Mais j’écris ce texte en mai 2025. Le massacre des Gazaoui·es s’intensifie encore, la guerre en Ukraine dure depuis trois ans, la crise climatique s’emballe chaque année un peu plus, la montée des extrêmes droites en Europe semble inexorable, et Donald Trump déroule son programme ultraréactionnaire. À côté de ces dossiers, les attaques antitrans peuvent sembler secondaires, même à la journaliste trans que je suis.

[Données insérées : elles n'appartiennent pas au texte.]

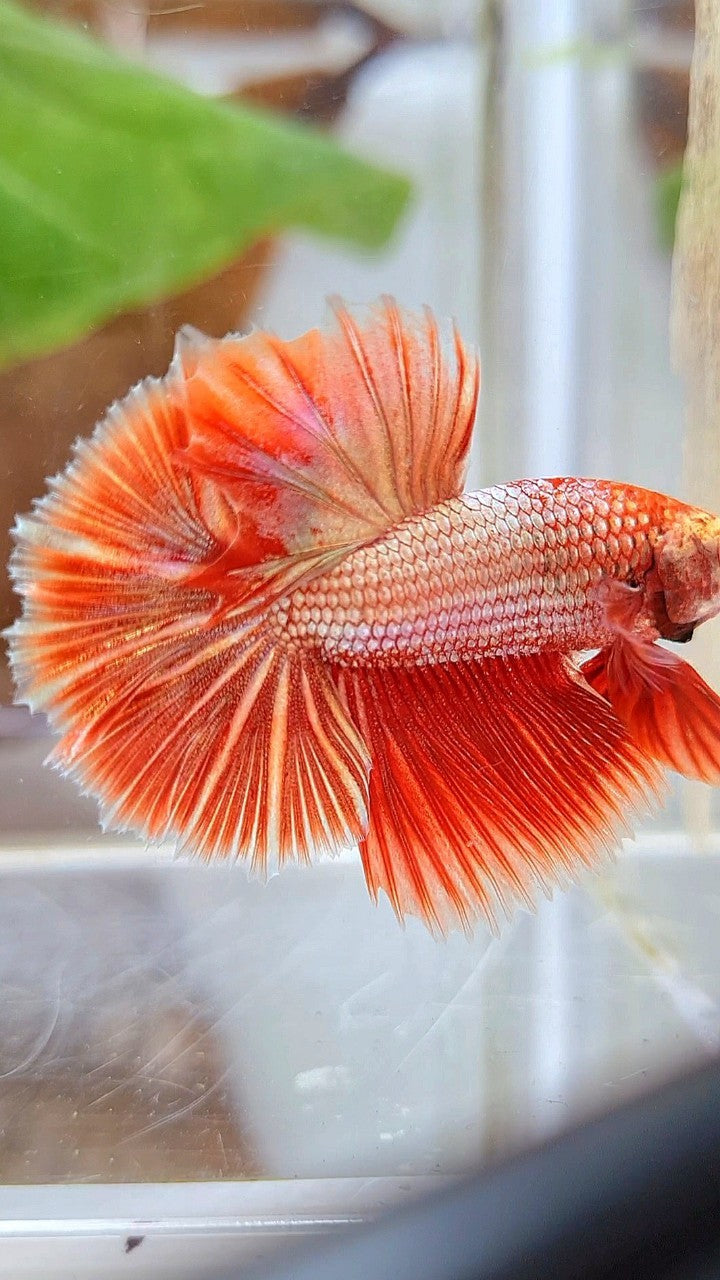 HALFMOON ROSETAIL SUPER ROSEGOLD BETTA FISH
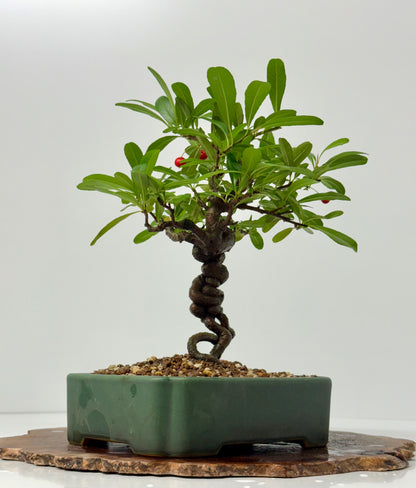 Pyracantha Bonsai Tree – Firethorn Bonsai in Chinese Yixing Pot 32 cm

Cet argument – tant entendu qu’on finit malgré nous par l’intégrer – n’est pas seulement une violence intime, c’est aussi une erreur journalistique. Car, en l’acceptant, on passe à côté du rôle central qu’a joué la rhétorique antitrans dans la victoire de Donald Trump. Pendant toute sa campagne, il en a usé, reprochant à la démocrate Kamala Harris et à son colistier, Tim Walz, d’être des « woke » défendant les personnes trans – quand bien même les transidentités étaient loin d’être au cœur de leur campagne. Et de nombreux éditorialistes ont suivi cette ligne.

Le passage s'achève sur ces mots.